Not surprisingly, bodily injury claims raise premiums the most -- nearly 50 percent, far more than damage or comprehensive claims. The average bodily injury costs more than $17,000, while automotive damage averages about $3,500. Bodily injury claims declined for many years until 2015, when they spiked 8 percent spike over the previous year, according to the National Safety Council. That rose again to 9 percent in the first half of 2016 and continues to trend higher each year.
Even more bad news is on the horizon for both good and bad drivers. The nation’s largest insurer of both cars and homes, State Farm, just reported a $7 billion underwriting loss on its auto insurance. That’s almost a guarantee that other car insurers will raise rates more than they already have, and will likely charge drivers who’ve had accidents even more for that poor performance.

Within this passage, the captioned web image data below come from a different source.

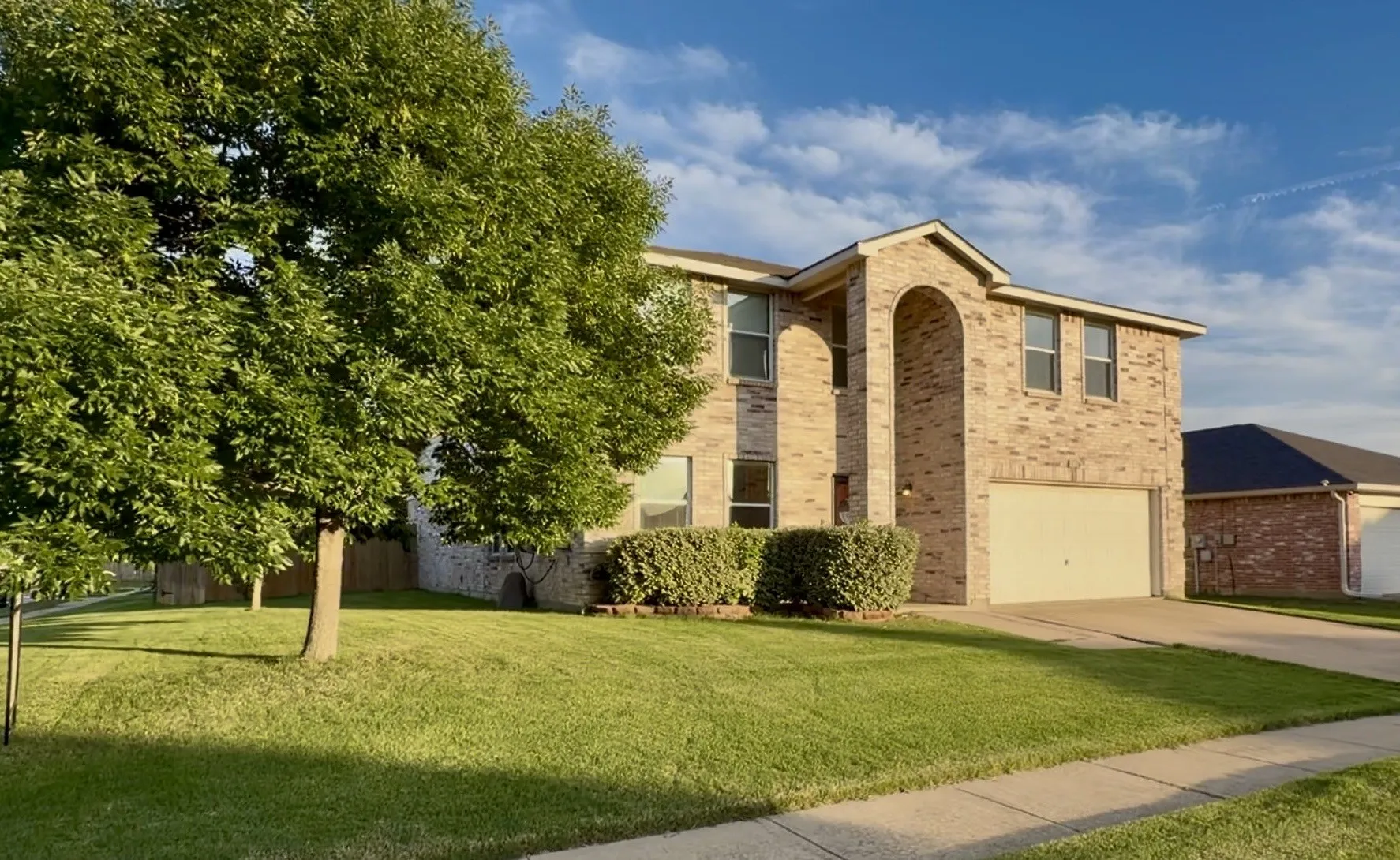 Single Family Residence For Sale in Denton County , 3214 Friesian Court, Denton, Texas 76210, 4 Bedroom, 3 Bathroom, 2 Garage spaces, 2,917 Sqft, built in 2004, Price $424,000, mls#21349818, Real Estate Agent in Denton, Homes For Sale in Denton county, Homes For Sale in Denton, Realtor in Denton Texas, Real Estate Brokerage Independent Realty Texas, Luminita Cordes Realtor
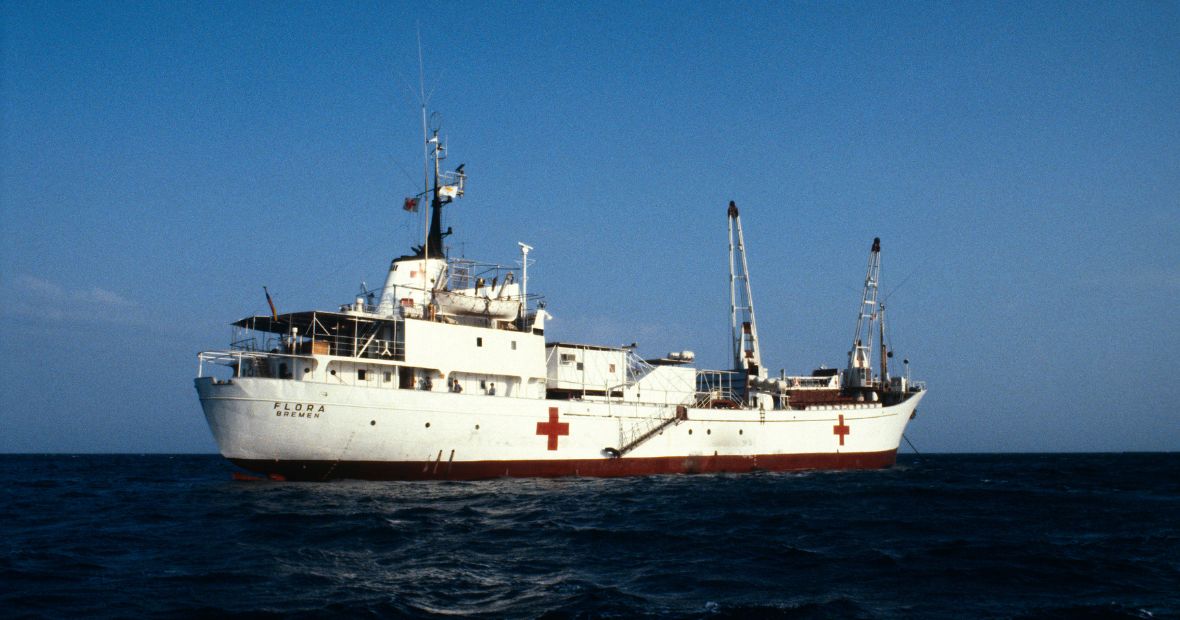 Le naivre-hôpital du CICR, FLORA photographié dans la mer en 1982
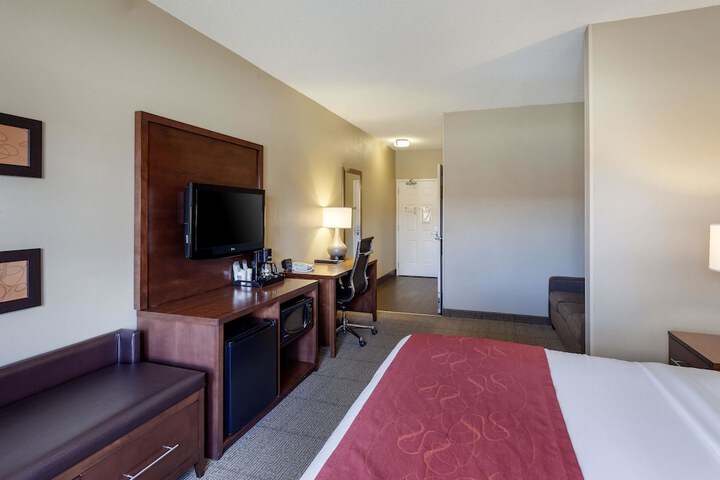 Room 18 of 36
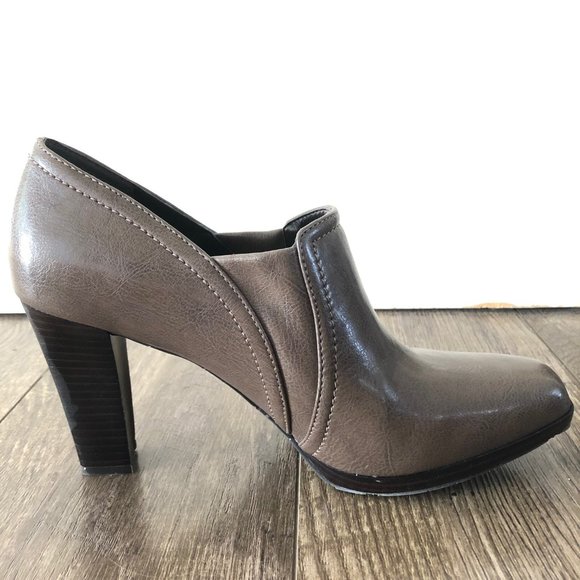 Naturalizer Yvonne Booties in Taupe - Picture 4 of 8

“For insurers, bad news always turns into good news,” said Robert Hunter, director of Insurance for the Consumer Federation of America and a frequent critic of the industry. “It’s a good reason to raise rates.”
The average rate for someone filing a single claim has risen about six percentage points since 2014, according to the survey.
Hunter said he has no problem with insurers charging more for drivers who’ve had accidents, particularly when they were at fault. California -- the state that charges the most -- also requires insurers not to use credit scoring and other factors when deciding rates. “The most important thing ought to be your driving record,” said Hunter. “Stay clean, and keep it low.”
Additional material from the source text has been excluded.